Statistical Analysis
All results were expressed as the mean ± S.E. Differences between two groups were analyzed for statistical significance by Student's t test, whereas those between more than two groups were analyzed by one-way analysis of variance. The results were considered significantly different when p was <0.05.
Results
Bakuchiol Increased the Survival of Infected MDCK Cells
To evaluate the anti-influenza virus activity of bakuchiol, we first examined its effect on the survival of influenza A virus-infected MDCK cells (15). Various concentrations of (+)-(S)-bakuchiol or (−)-(R)-bakuchiol were mixed with A/PR/8/34, A/CA/7/09, or A/Aichi/2/68 (MOI = 10) and added to MDCK cells. After incubation for 4 days, the cells were stained by naphthol blue black. Viable cells in each well were stained blue, whereas dead cells remained clear. As shown in Fig. 1B, cells exposed to DMSO and infected with A/PR/8/34, A/CA/7/09, or A/Aichi2/68 were not stained. However, cells treated with 3.1–50 μm (+)-(S)-bakuchiol and infected with A/PR/8/34 or with 1.6–50 μm (+)-(S)-bakuchiol and infected with A/CA/7/09 were stained blue. Cells exposed to (−)-(R)-bakuchiol and A/PR/8/34 were not stained (Fig. 1B), and those infected with A/CA/7/09 in the presence of 3.1–25 μm (−)-(R)-bakuchiol showed weak staining (Fig. 1B).

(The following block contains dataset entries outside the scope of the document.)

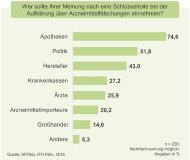 APOkix: Apotheker wollen über Arzneimittelfälschungen aufklären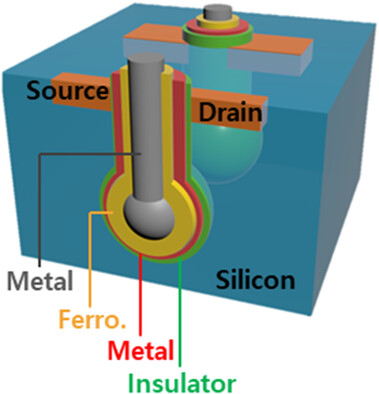High-Performance and High-Endurance HfO2-Based Ferroelectric Field-Effect Transistor Memory with a Spherical Recess Channel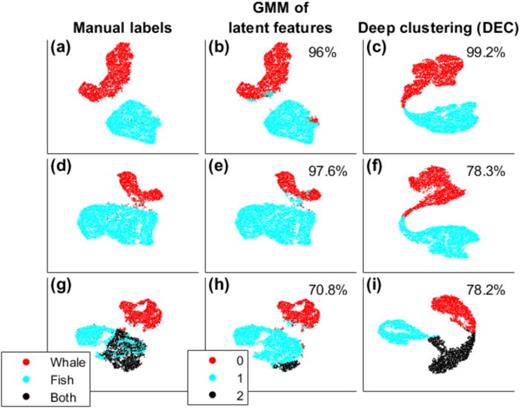 FIG. 8. (Color online) t-SNE representation of 10 000 deep embedded feature vectors from a sample trial (a), (b), (d), (e), (g), (h) before, and (c), (f), (i) after deep clustering, with (a)–(c) equal-sized clusters, (d)–(f) unequal-sized clusters of fish and whale, and (g)–(i) fish, whale, and fish/whale clusters. The perplexity for visualization was 200.
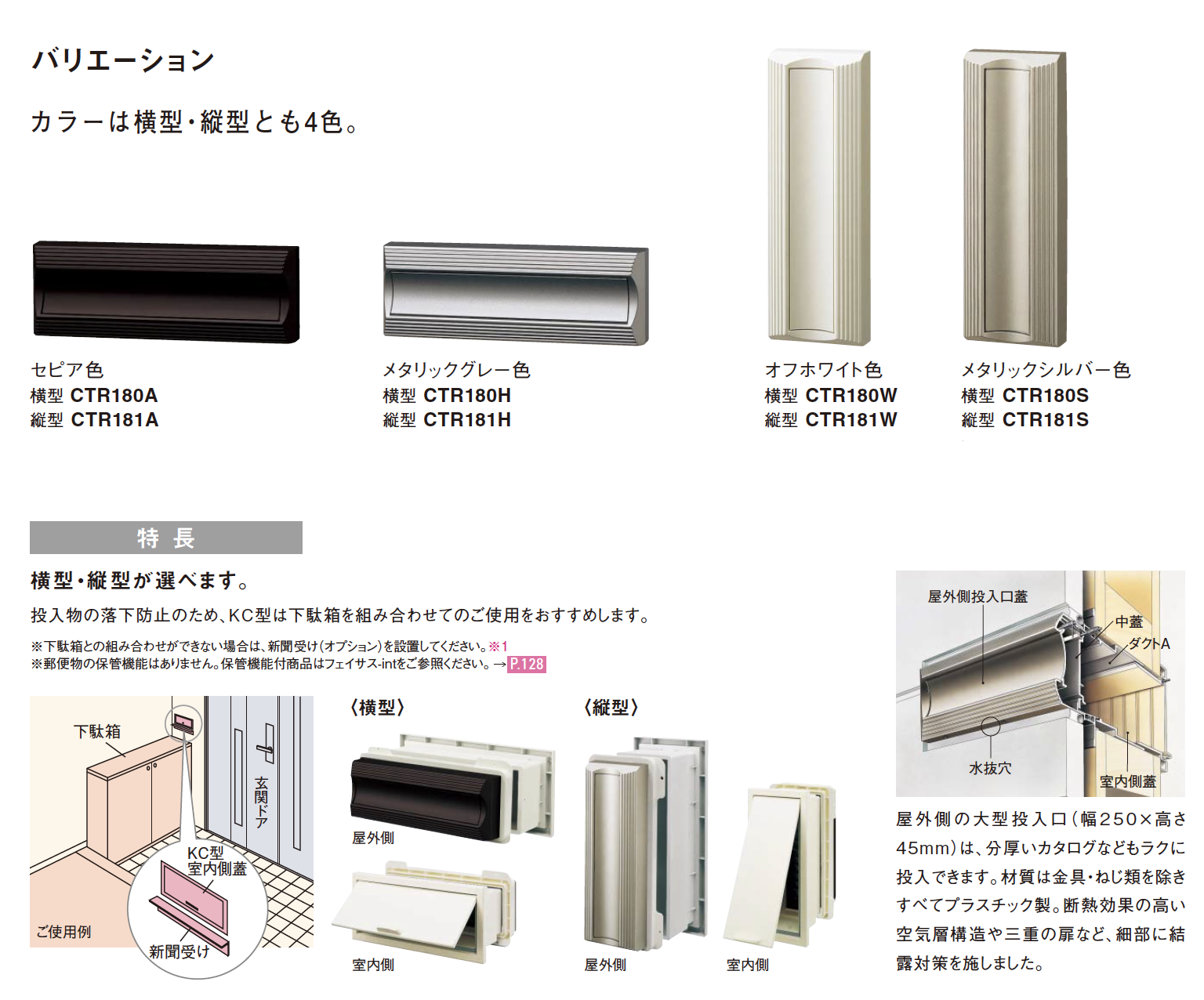 kana様♥️専用ページ Panasonic | KC型【2023年版】 | 建材サーチ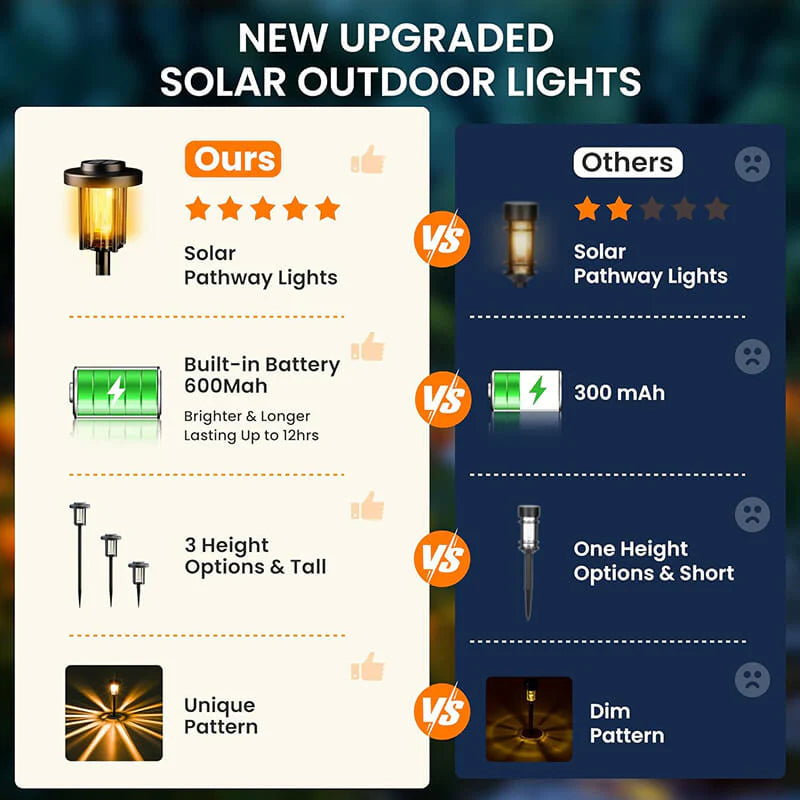 Solar Pathway Lights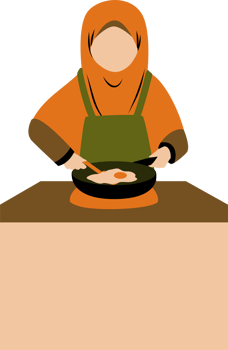 Illustration of muslim Woman daily activity png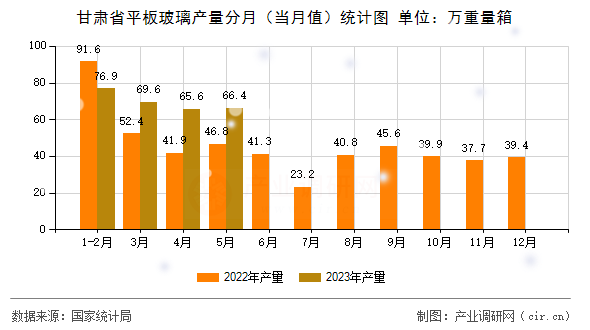 甘肅省平板玻璃產(chǎn)量分月（當月值）統(tǒng)計圖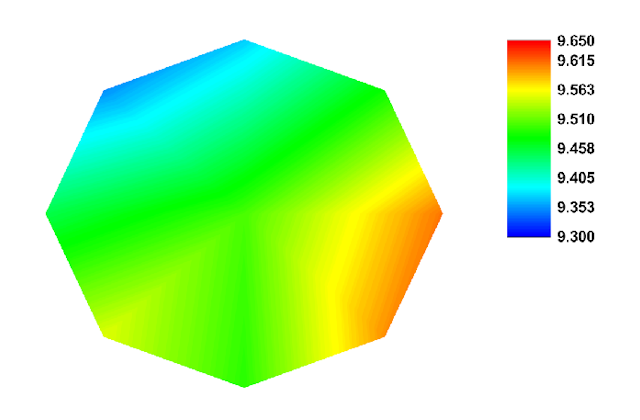 Равномерность осаждения AlN по пластине диаметром 150 мм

A/Aichi2/68-infected cells treated with DMSO, (+)-(S)-bakuchiol, and (−)-(R)-bakuchiol were not stained (Fig. 1B, lanes 7–9). Cells that were not infected and exposed to 100 μm (+)-(S)-bakuchiol and (−)-(R)-bakuchiol were not stained (Fig. 1B); these findings indicated that 100 μm, but not ≤50 μm, bakuchiol was toxic to MDCK cells in the growth medium. To evaluate the exact cytotoxicity, we analyzed MDCK cells following 24- or 96-h incubations in infection medium containing BSA (instead of FBS) using the MTT assay (Fig. 2). The viability of MDCK cells treated with 100 μm (+)-(S)-bakuchiol or (−)-(R)-bakuchiol was reduced after 24 or 96 h (Fig. 2, A and B), as compared with those exposed to DMSO only, whereas the viability of cells exposed to ≤50 or 25 μm bakuchiol was not affected at 24 h or 96 h, respectively (Fig. 2, A and B). This suggested that exposure to ≤50 or 25 μm bakuchiol for 24 or 96 h did not induce apoptosis in MDCK cells. Therefore, these data showed that (+)-(S)-bakuchiol promoted the survival of MDCK cells infected with the influenza A virus H1N1 strain but not of those infected with the H3N2 strain.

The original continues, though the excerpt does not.